We wanted a female covering the song. We made that decision — let’s remake the title song, and what female artist would be the coolest that we could possibly get? Chrissie Hynde is probably my— I think I can eliminate “probably.” Chrissie Hynde is my favorite female rock star of all time. I now have had two shows that have featured a Chrissie Hynde song as the main title. The original Cupid back in 1999, we used a song of hers called “Human.”
So this is us going back to the Chrissie Hynde well. And it has been very cool because Chrissie Hynde has emailed me a few times, which, I am just giddy when I see that I have an email from Chrissie Hynde. It’s my 17-year-old self’s fantasy, and it’s pretty great.
Since the show is being released all at once, why did you decide to have “previously on” scenes at the top of each episode?
It was the subject of much, much, much debate, so much so that when we got to episode seven, Hulu came to us and said, “You know what? We don’t think we need these previously-ons.” But by then most of the shows were locked, and unlocking them and taking them out was going to be a huge expense, and they decided to leave them in.
What I had hoped for, and I think Hulu eventually hopes for this, and I know some of the streaming services do this, where you can just hit a button and skip the previously-on. But Hulu does not have that. I have mixed feelings about it. I love previously-ons and when I binge a show, I’ll watch two or three [episodes]. I never sit and watch eight in a row. Particularly with a mystery, I like having the previously-ons. I might not have watched it for three or four days and I like the reminder.
In a perfect world, and maybe by the next time, if we get to do another eight, Hulu will have that technology that will allow you just to hit a button and skip the previously-on.
In terms of the show’s future, would you see Veronica staying in Neptune? She ends the season going someplace else for a case.
What I would like to do, and I think if we get to do another one, I think the next one may be away from Neptune. I want to make it possible and I want to make it believable that Veronica starts getting cases from all around the country. And yes, we could go back to Neptune, but we could also go anywhere in the world because people have heard of her, particularly now that she has done this Neptune bombing case and there was some sort of Making a Murderer-like show about it that she may have enough notoriety to get called in places wherever a cool mystery could be.
This is a true story — in Vanity Fair, there was a really interesting detective case in which a P.I. got called in and he solved it.

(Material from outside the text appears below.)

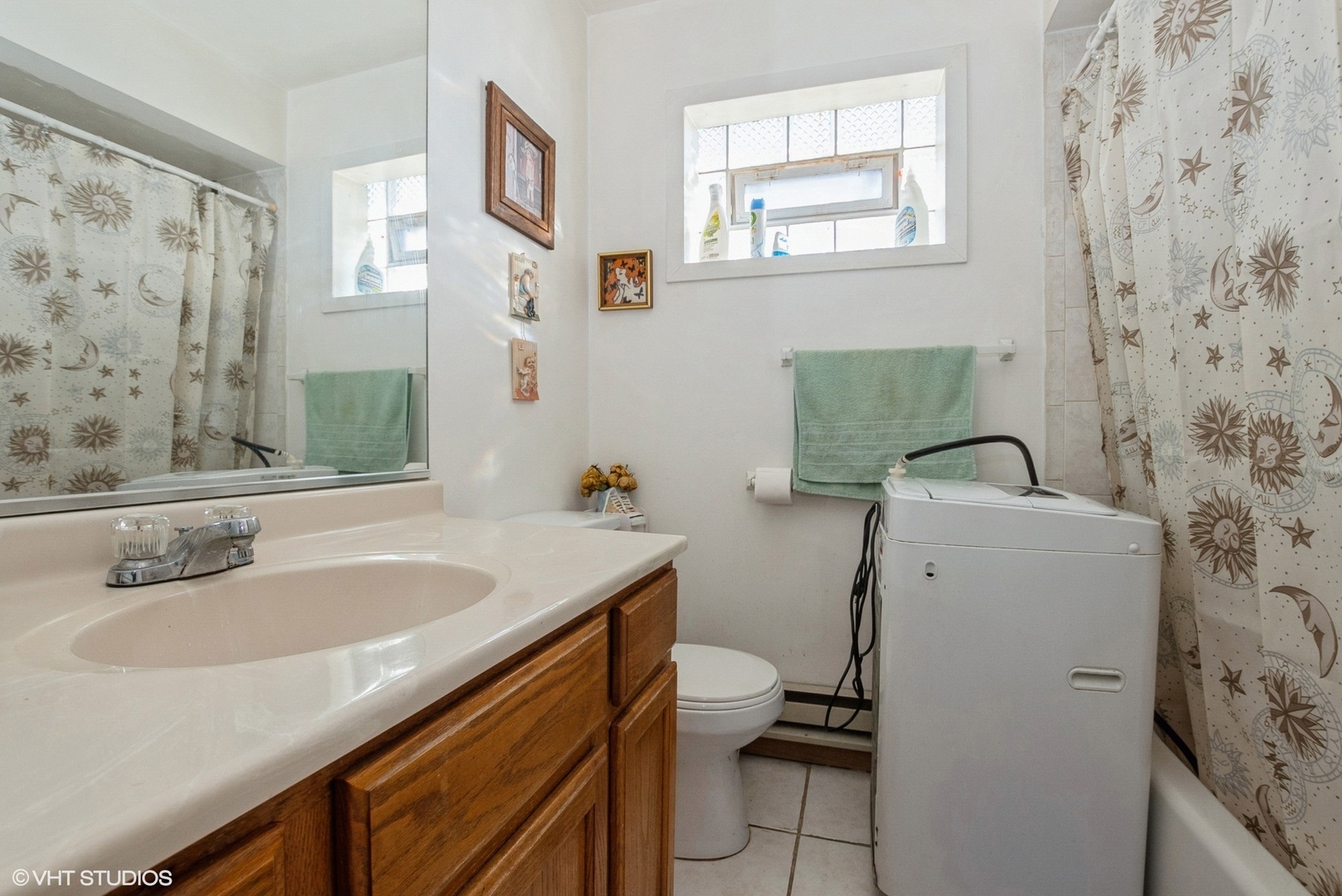 6630 W 95th Street Unit: 3A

And then they did another story on him three or four years later and in that article he talked about “yes, since that first article I get calls from everywhere.” And so I’m sort of adopting that for Veronica. I want the ability for us to be able to tell a Veronica Mars story anywhere we want.
Do you see it then as becoming more of an anthology with Bell at the center of it?
Yeah, I do. There are no guarantees. I have not figured out what the next case will be, though I think the next one is going to be away from Neptune. I think she is done with Neptune for a little while. And the thing that Kristen and I have been talking about, and I don’t know that this is what it will be, but [we’ve talked about] doing one of those Agatha Christie-style mysteries. Like a mystery in a snowed-in manor or on a boat, putting Veronica in a very Agatha Christie-like, though modernized, setting. It’s one of the things we’re playing with.
This interview has been condensed and edited for clarity.